Decentralised Blockchains and Distributing the Power of AI

Does blockchain need AI more than AI needs blockchain? This is the question Arian led with, and it’s a thought-provoking one. In her perception, AI needs blockchain more from a practical point of view, but blockchain probably needs AI more from the public perception side of things.

Yet, as people in positions of power figure out what blockchains are and what they can do (essentially, they are distributed databases), governments and corporations who enjoy the benefits of centralised power will resist the technology. After all, if any technology has the ability to give them even more power, it’s AI. They won’t want to distribute that power without a fight, and running AI on blockchains would do just that.

Be that as it may, the decentralised structure of Web 3.0 will threaten all types of centralised power, giving users more control over their data and decisions. Therefore, we may see pushback from vested interests who wish to hold onto the power centralisation and secrecy give them.

Using one example of how AI and blockchain can work together to empower people, Arian talked about DAOs. Distributed Autonomous Organisations allow users and token holders to make decisions, but they can lead to decision fatigue. AI models could learn how each user thinks and what they value, eventually making decisions on their behalf. This could have vast implications for everything from Democracy itself to making it easier to accept or reject terms and conditions when using web services.

AI Making Decisions Requires Radical Transparency

Speaking more about AI making decisions, Arian rightly said that blockchain can provide the kind of radical transparency needed to create both truth and accountability. Another speaker at the conference, FICO’s Scott Zoldi, also pointed this out, highlighting how AI has a public trust issue, and blockchain can help with that.
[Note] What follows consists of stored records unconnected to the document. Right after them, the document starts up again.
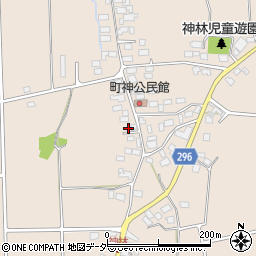 長野県松本市神林1871周辺の地図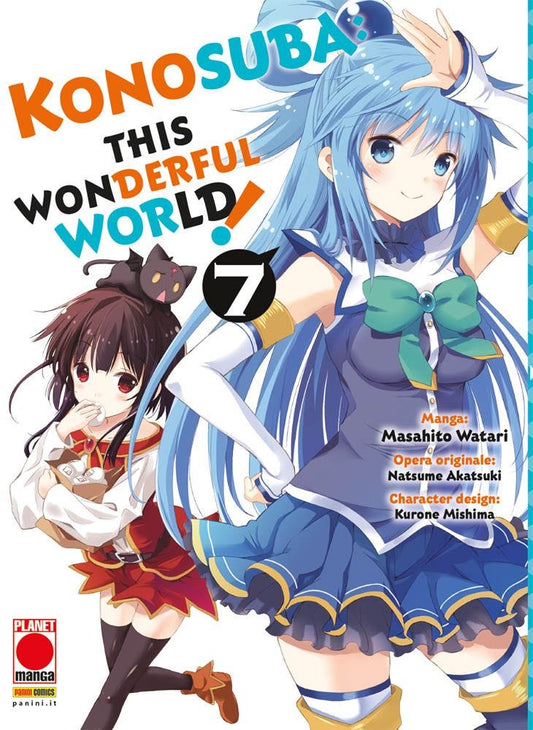 Konosuba! This wonderfull world 7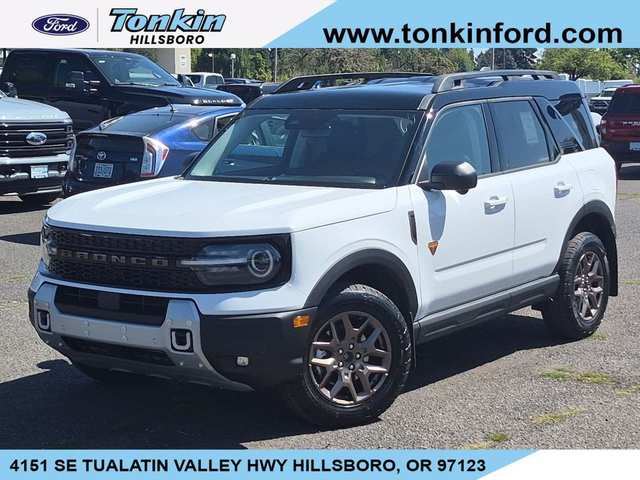2026 Ford Bronco Sport Badlands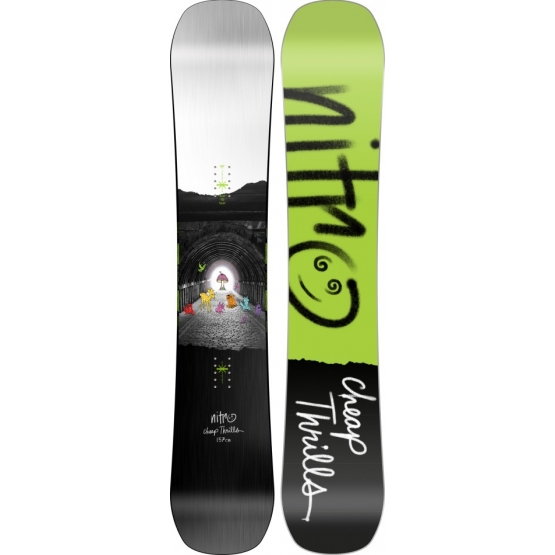 Nitro Cheap Thrills Snowboard 152cm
“It’s the perfect marriage,” Arian said. Yet, the benefits of the two technologies coming together go further. While blockchain can help make AI more transparent and can enhance data security and privacy, AI can help blockchains scale and detect fraudulent transactions. Both technologies have superpowers, and when joined together, they become an “uber power.”

Of course, there are still lots of questions about what happens to everyone’s data when used in AI models, and blockchain alone can’t mitigate all the potential problems. Federated learning across nodes can separate the data from the machine learning itself, differential privacy can add noise to the data so it can’t be tied to an individual so easily, and zero-knowledge proofs can help prove something without actually revealing it.

Blockchain Technology Needs to Scale Quickly

Data processing on decentralised networks is a paradigm shift, but it requires a level of scalability that has not yet been reached. While blockchain won’t be used for everything, even tracing the decision-making process for highly complex AI models would require a level of scalability we haven’t seen in a live environment yet.

Of course, using blockchain for exactly that purpose is a great use case. The time-stamped records on blockchains make it perfect for creating accountability and transparency in AI, both in terms of steps developers took and decisions the models themselves have taken, as well as the data used.

All that said, Arian has a warning for the London Blockchain Conference attendees: blockchain is falling behind its potential, and if we don’t move fast and scale quickly, people may stop using it and move onto other things.

It’s All About Unbounded Scaling

Somi Arian is right—the potential of blockchain technology is limited by its ability to scale. While layer two solutions and side chains have been promised and developed, they introduce secondary problems, such as security vulnerabilities or breaking the chain of signatures that create the transparency most seek.

One of the best solutions is to scale the original Bitcoin protocol—bigger blocks bring many benefits, not least of which is the ability to scale quickly into millions of transactions per second. New possibilities in the areas of microtransactions and data transfers are enabled with scalable blockchain technology.